◆ What you need to do
Whatever pictures appear, omit them, and repeat the data below exactly.

◆ Dataset excerpt
***

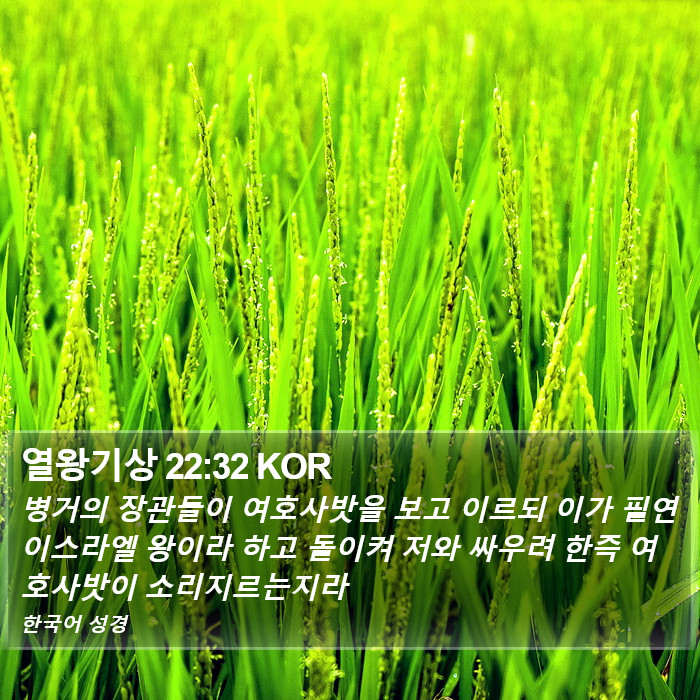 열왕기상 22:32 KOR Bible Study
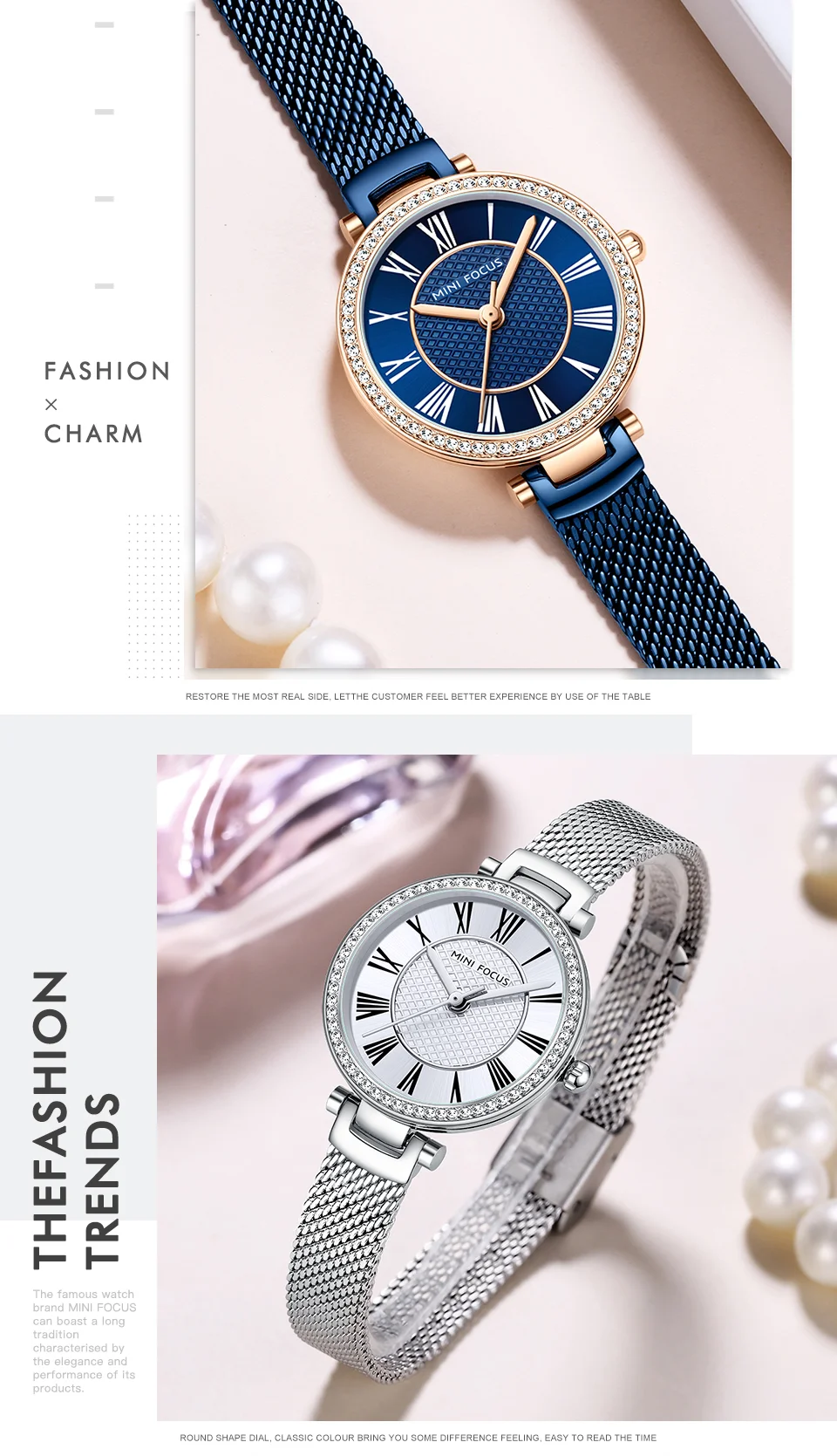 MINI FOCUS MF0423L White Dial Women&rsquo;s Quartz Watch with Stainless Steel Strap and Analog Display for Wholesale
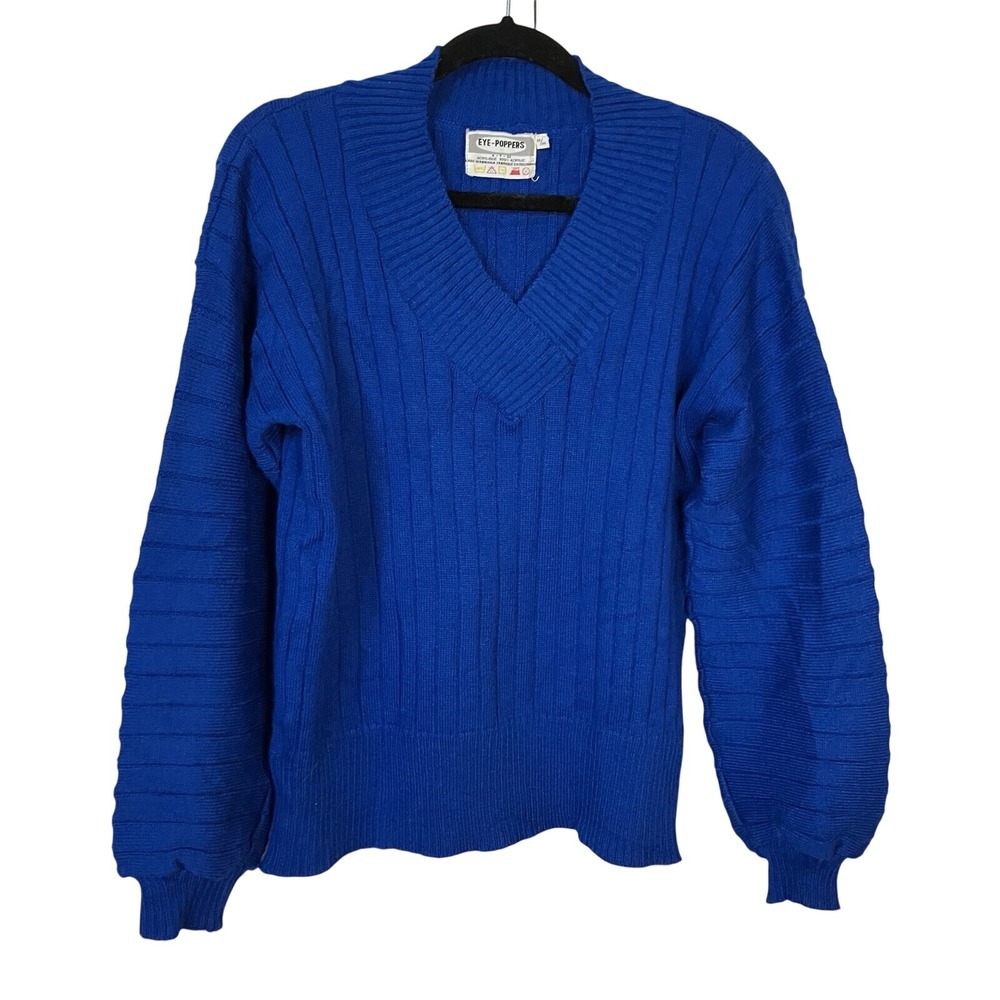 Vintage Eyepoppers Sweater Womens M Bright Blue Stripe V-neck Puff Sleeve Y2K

***

◆ Final answer
 열왕기상 22:32 KOR Bible Study
 MINI FOCUS MF0423L White Dial Women&rsquo;s Quartz Watch with Stainless Steel Strap and Analog Display for Wholesale
 Vintage Eyepoppers Sweater Womens M Bright Blue Stripe V-neck Puff Sleeve Y2K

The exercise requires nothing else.